>>>>>
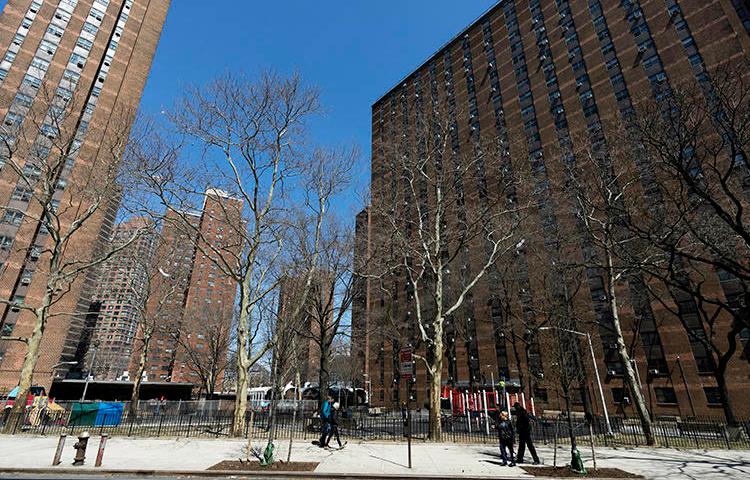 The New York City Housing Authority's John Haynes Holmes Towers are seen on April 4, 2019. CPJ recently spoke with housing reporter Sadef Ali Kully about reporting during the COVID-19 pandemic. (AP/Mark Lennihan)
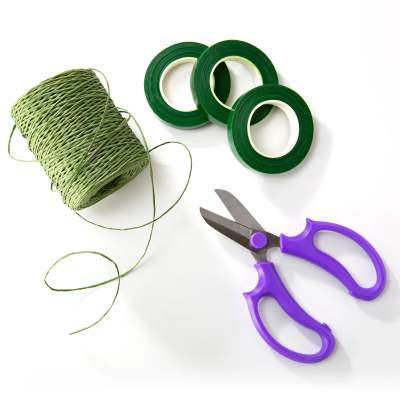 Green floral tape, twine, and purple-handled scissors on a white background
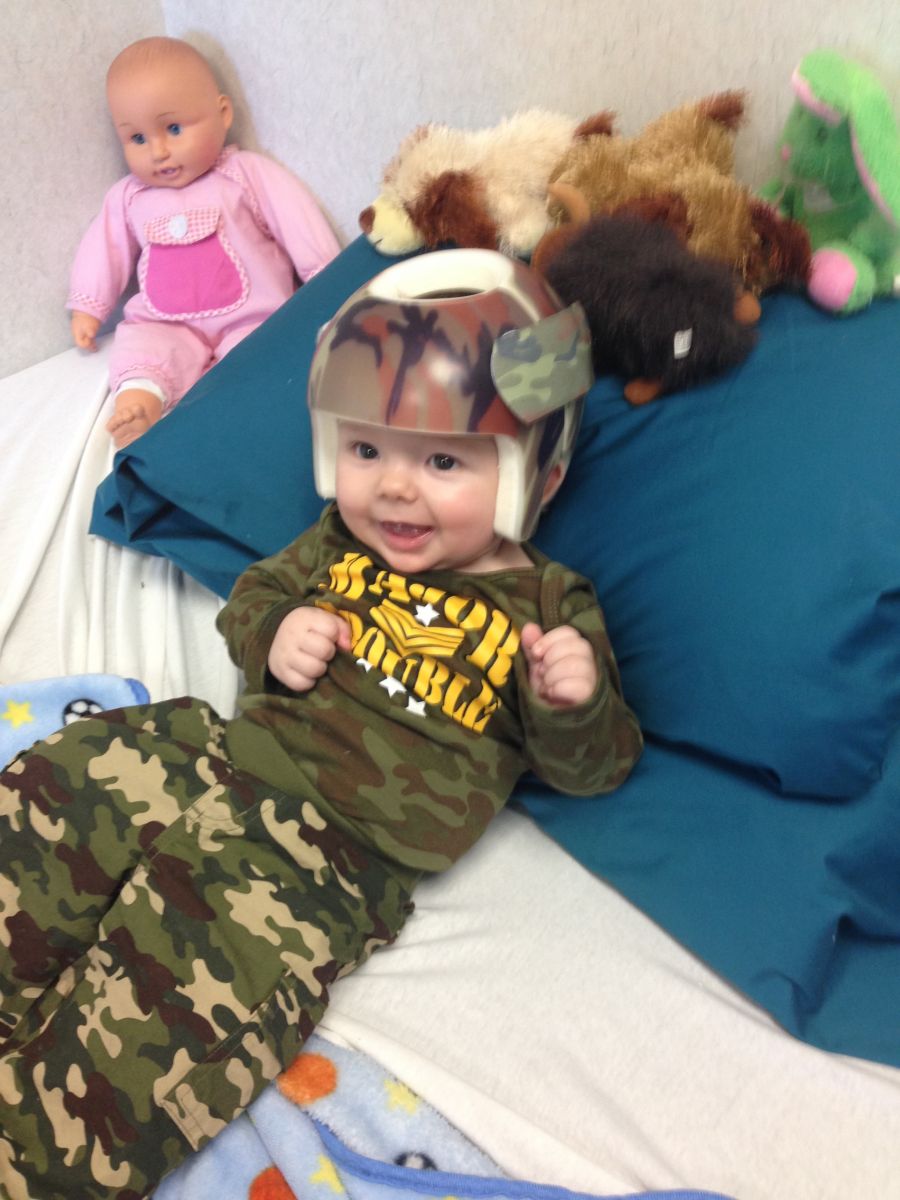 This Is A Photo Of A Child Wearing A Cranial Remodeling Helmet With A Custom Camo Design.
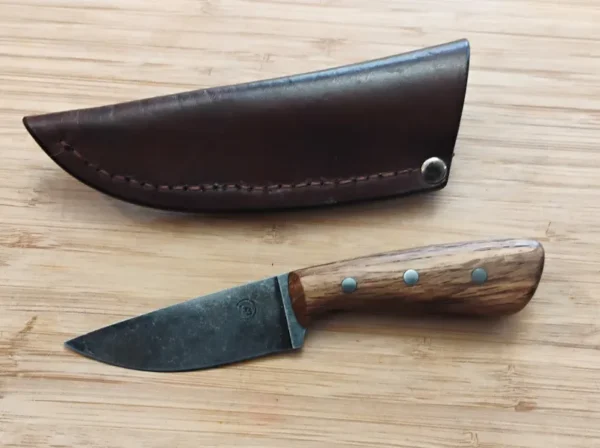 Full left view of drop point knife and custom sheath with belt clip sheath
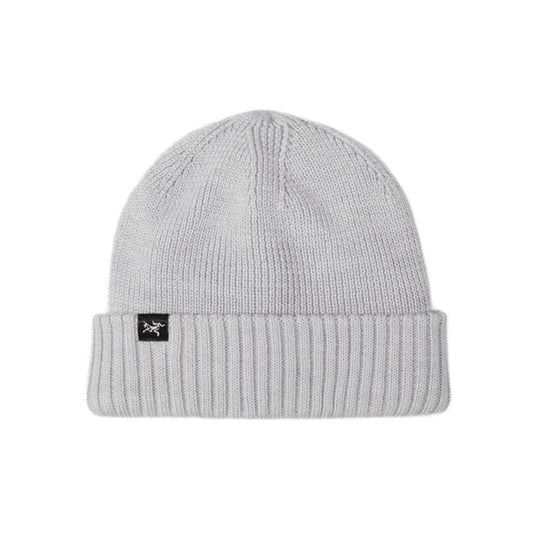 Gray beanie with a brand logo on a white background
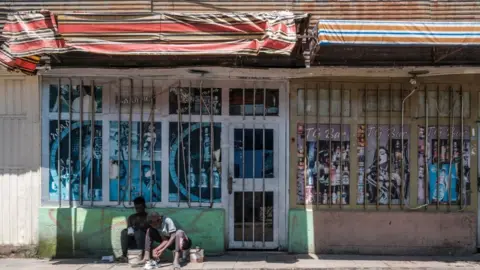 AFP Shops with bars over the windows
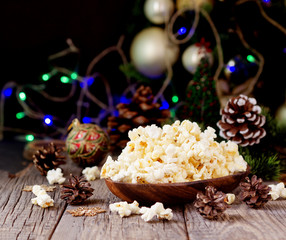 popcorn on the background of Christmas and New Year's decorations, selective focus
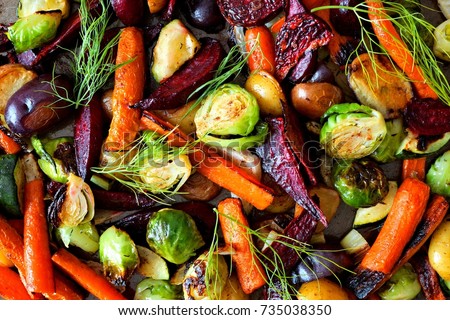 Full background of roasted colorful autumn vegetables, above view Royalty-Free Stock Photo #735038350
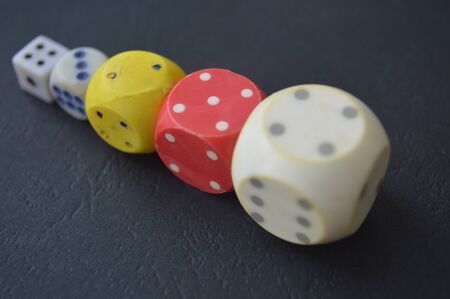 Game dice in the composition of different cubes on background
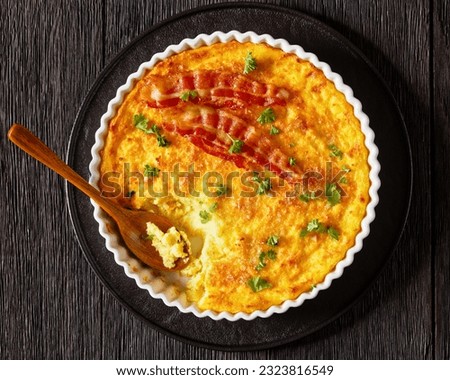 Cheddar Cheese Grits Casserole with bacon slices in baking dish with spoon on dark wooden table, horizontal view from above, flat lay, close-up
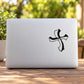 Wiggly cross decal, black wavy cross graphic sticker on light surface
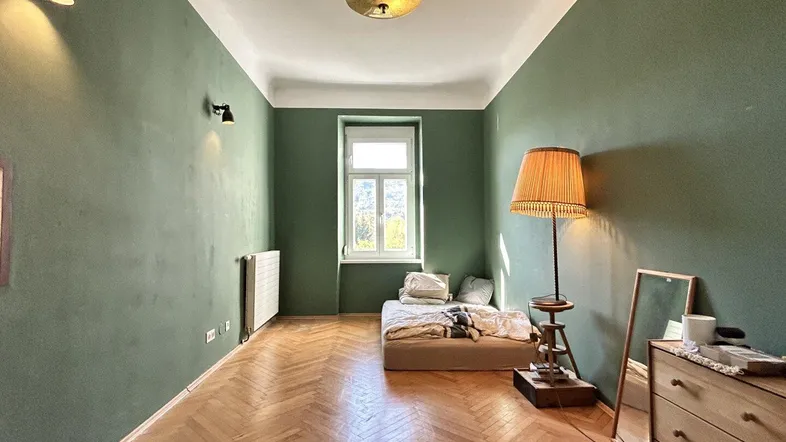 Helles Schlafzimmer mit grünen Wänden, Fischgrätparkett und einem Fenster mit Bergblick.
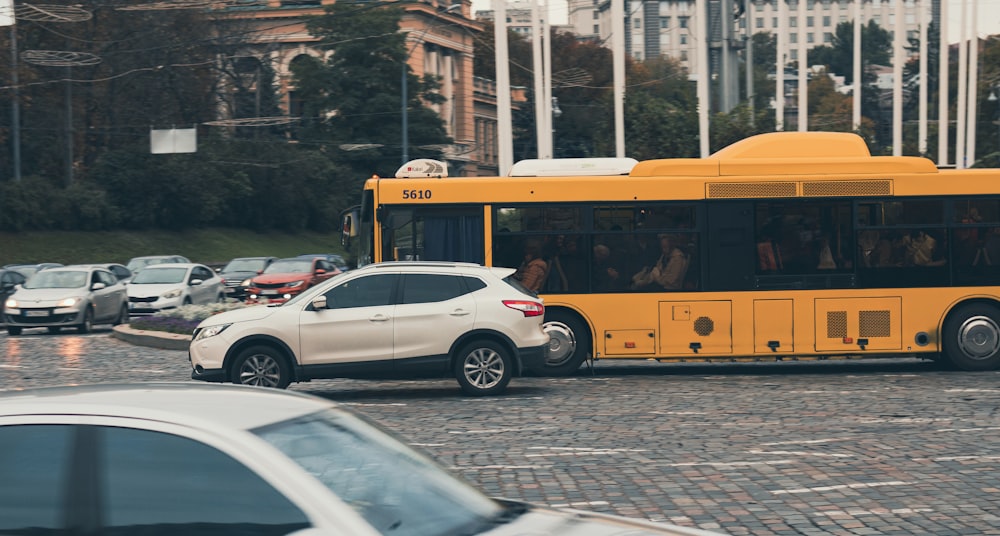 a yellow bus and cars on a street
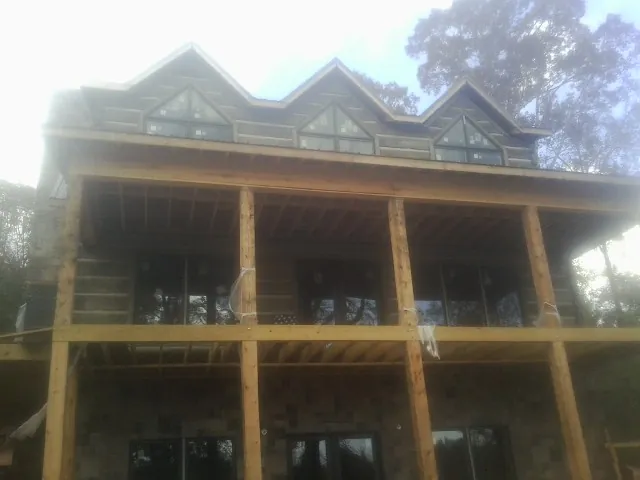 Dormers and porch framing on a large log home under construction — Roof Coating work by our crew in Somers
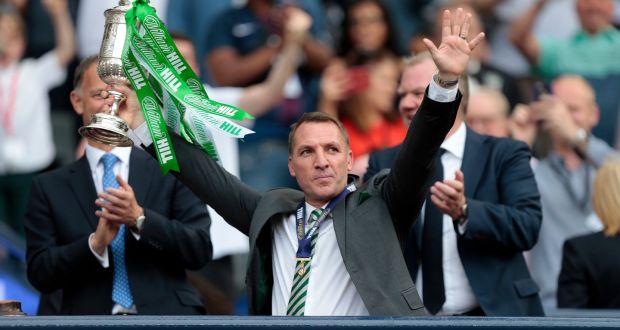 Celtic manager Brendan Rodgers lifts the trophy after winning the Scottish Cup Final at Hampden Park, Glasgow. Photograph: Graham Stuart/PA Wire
<<<<<
» **EXERCISE DESCRIPTION**
Reproduce the material exactly; omit the pictures.

» **WRITTEN ANSWER**
 The New York City Housing Authority's John Haynes Holmes Towers are seen on April 4, 2019. CPJ recently spoke with housing reporter Sadef Ali Kully about reporting during the COVID-19 pandemic. (AP/Mark Lennihan)
 Green floral tape, twine, and purple-handled scissors on a white background
 This Is A Photo Of A Child Wearing A Cranial Remodeling Helmet With A Custom Camo Design.
 Full left view of drop point knife and custom sheath with belt clip sheath
 Gray beanie with a brand logo on a white background
 AFP Shops with bars over the windows
 popcorn on the background of Christmas and New Year's decorations, selective focus
 Full background of roasted colorful autumn vegetables, above view Royalty-Free Stock Photo #735038350
 Game dice in the composition of different cubes on background
 Cheddar Cheese Grits Casserole with bacon slices in baking dish with spoon on dark wooden table, horizontal view from above, flat lay, close-up
 Wiggly cross decal, black wavy cross graphic sticker on light surface
 Helles Schlafzimmer mit grünen Wänden, Fischgrätparkett und einem Fenster mit Bergblick.
 a yellow bus and cars on a street
 Dormers and porch framing on a large log home under construction — Roof Coating work by our crew in Somers
 Celtic manager Brendan Rodgers lifts the trophy after winning the Scottish Cup Final at Hampden Park, Glasgow. Photograph: Graham Stuart/PA Wire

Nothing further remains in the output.